Dicle Fırat Gazeteciler Derneği (DFG) Eşbaşkanı Dicle Müftüoğlu, medyada sansürün şu anda çok etkin uygulandığını, mahkeme kararıyla istenilen yayının durdurulduğunu, haberlerin kaldırıldığını hatırlatarak şöyle diyor:
- Bu genelgeyle var olan sansür, engelleme başka bir boyuta çıkacak. Mahkeme kararına dahi gerek olmadan istedikleri yayını engelleyecekler. Örneğin güncel bir konu olan elektrik zamlarına dair haber yapmayınca zamlar ortadan kalkmıyor. Biz haber yapmayınca ülke güllük gülistanlık olmuyor. Ülkedeki sorunları yazmazsak, konuşmazsak yok olacağı düşünülüyor. Böyle bir algı var… Kürtçe dergi Xwebûn ve Özgür Gündem gazetesinin yayını genelgenin yayımlandığı gün durduruldu. Sormak lazım, bu yayınların kapatılması milli kavramıyla alâkalı mıdır? Bu yayınların kapatılması aynı zamanda halkların dillerinde yapılan yayınların da engellenmesidir.

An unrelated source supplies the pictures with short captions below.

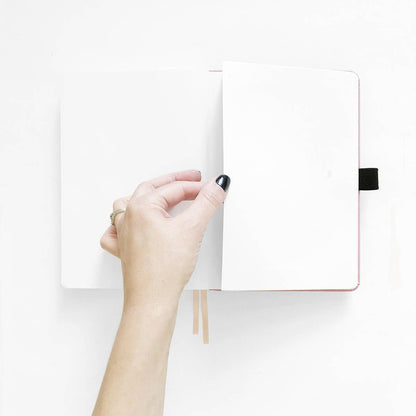 Dot Grid Notebook; Knight's Sword (8x8)
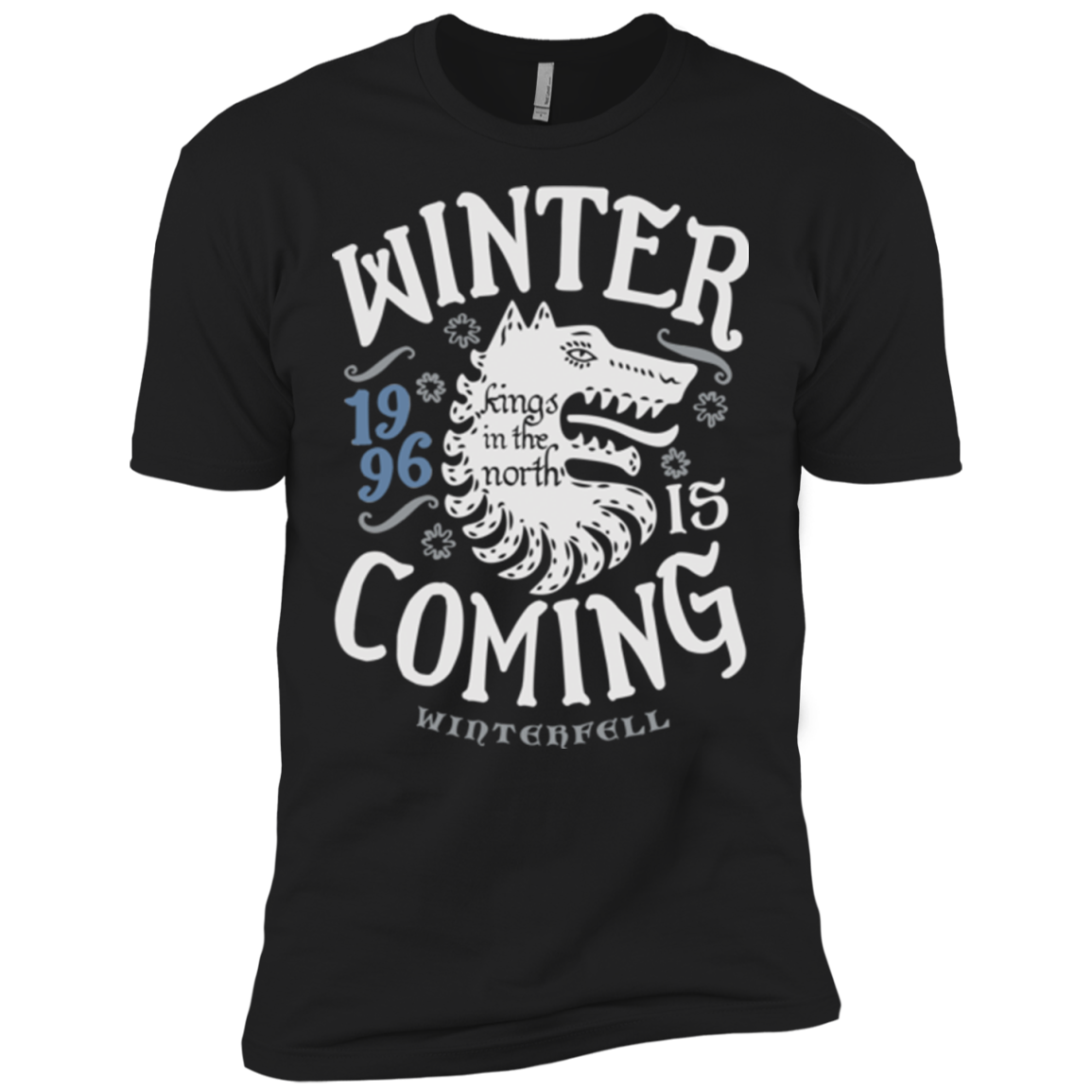 House in the North Men's Premium T-Shirt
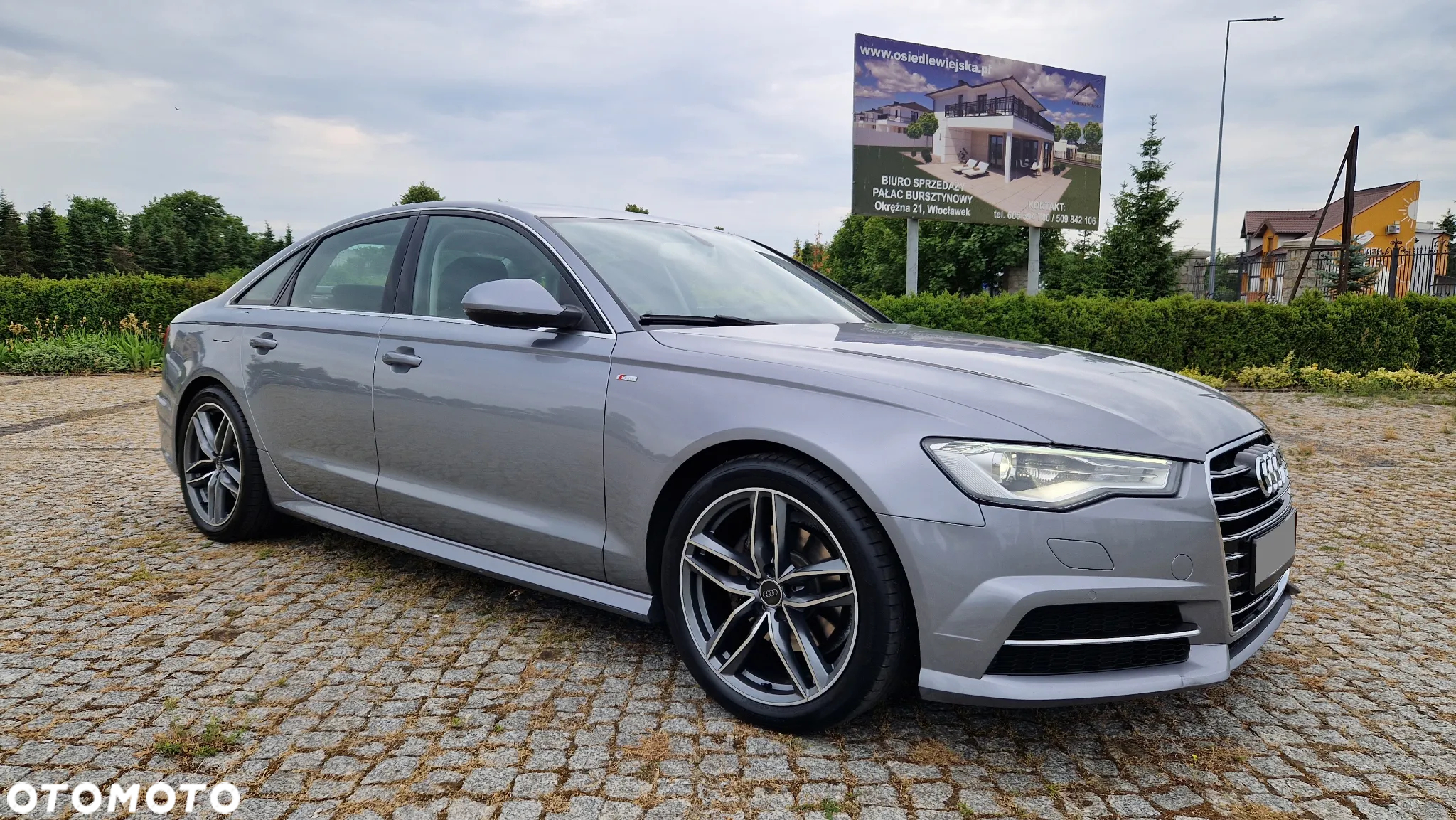 Audi A6 2.0 TDI ultra S tronic - 7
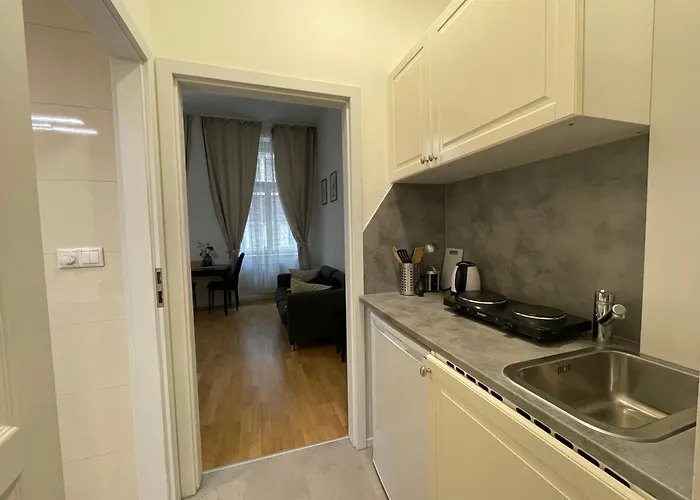 Apartment Cosy - Stepanska 1 Prague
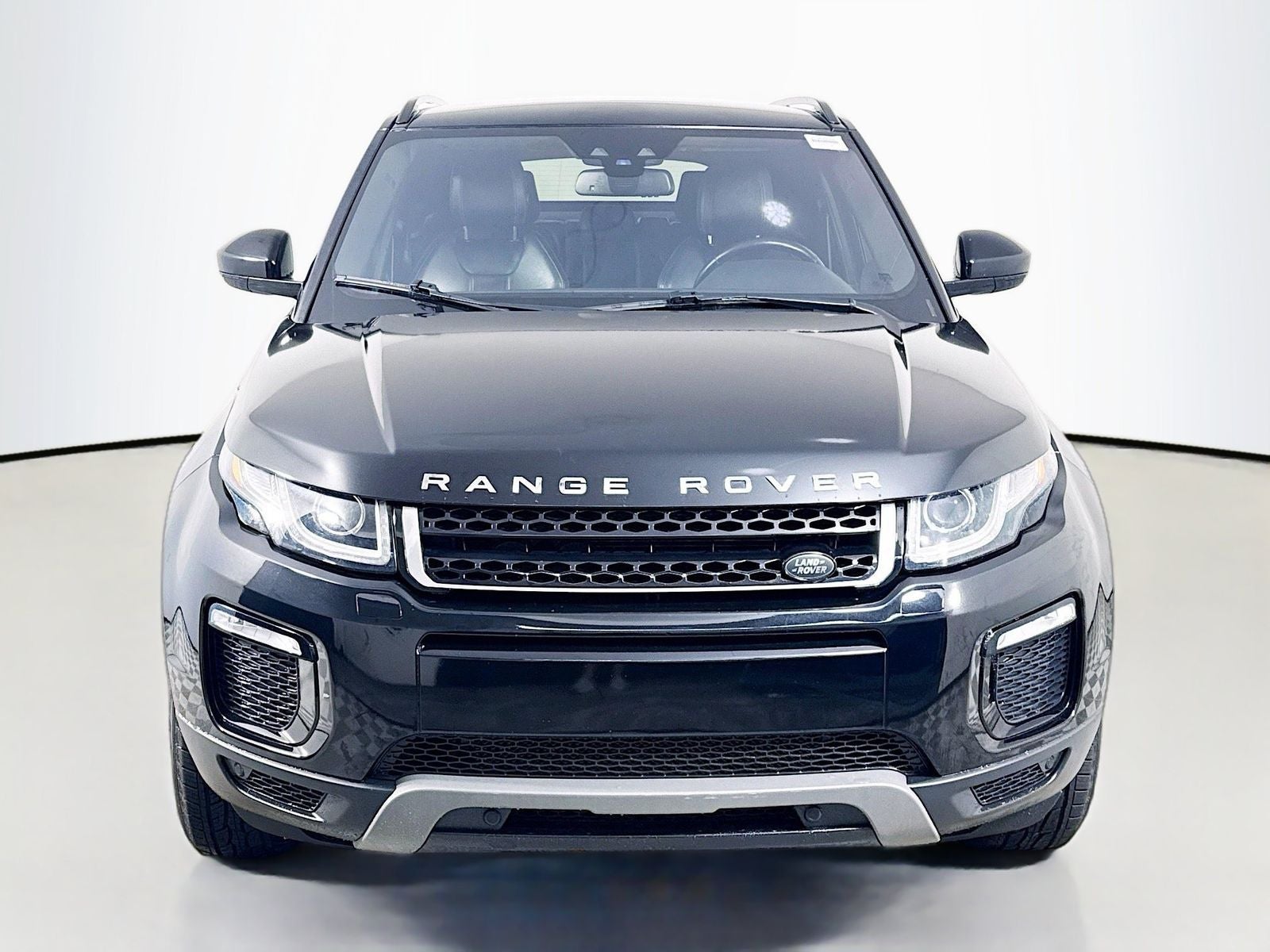 2017 Land Rover Range Rover Evoque SE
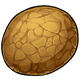 Fossilized Egg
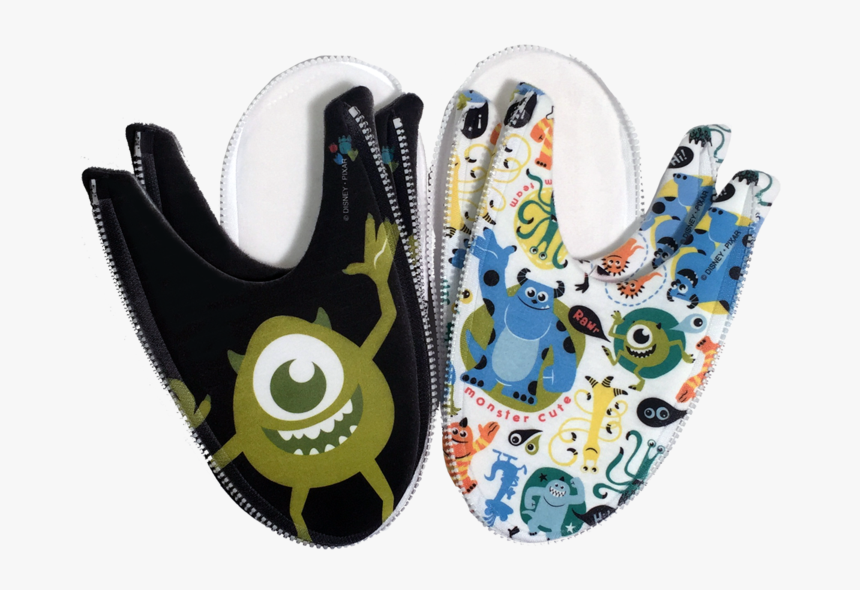 Mike Monsters Inc - Butterfly, HD Png Download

Müftüoğlu, görev yaptığı Mezopotamya Ajansı’nda, failin devlet görevlisi olduğu yolsuzluk haberlerinin yanı sıra, mahkemeye intikal etmiş istismar haberlerinde dahi yayın yasaklarıyla ve uyarılarla karşılaştıklarını belirtiyor. O da genelgenin hedefinin sadece haberciler değil, tüm toplum olduğunu düşünüyor. Bu yüzden Müftüoğlu, gazetecileri ve vatandaşları, basın özgürlüğü için ortak bir duruşa çağırıyor.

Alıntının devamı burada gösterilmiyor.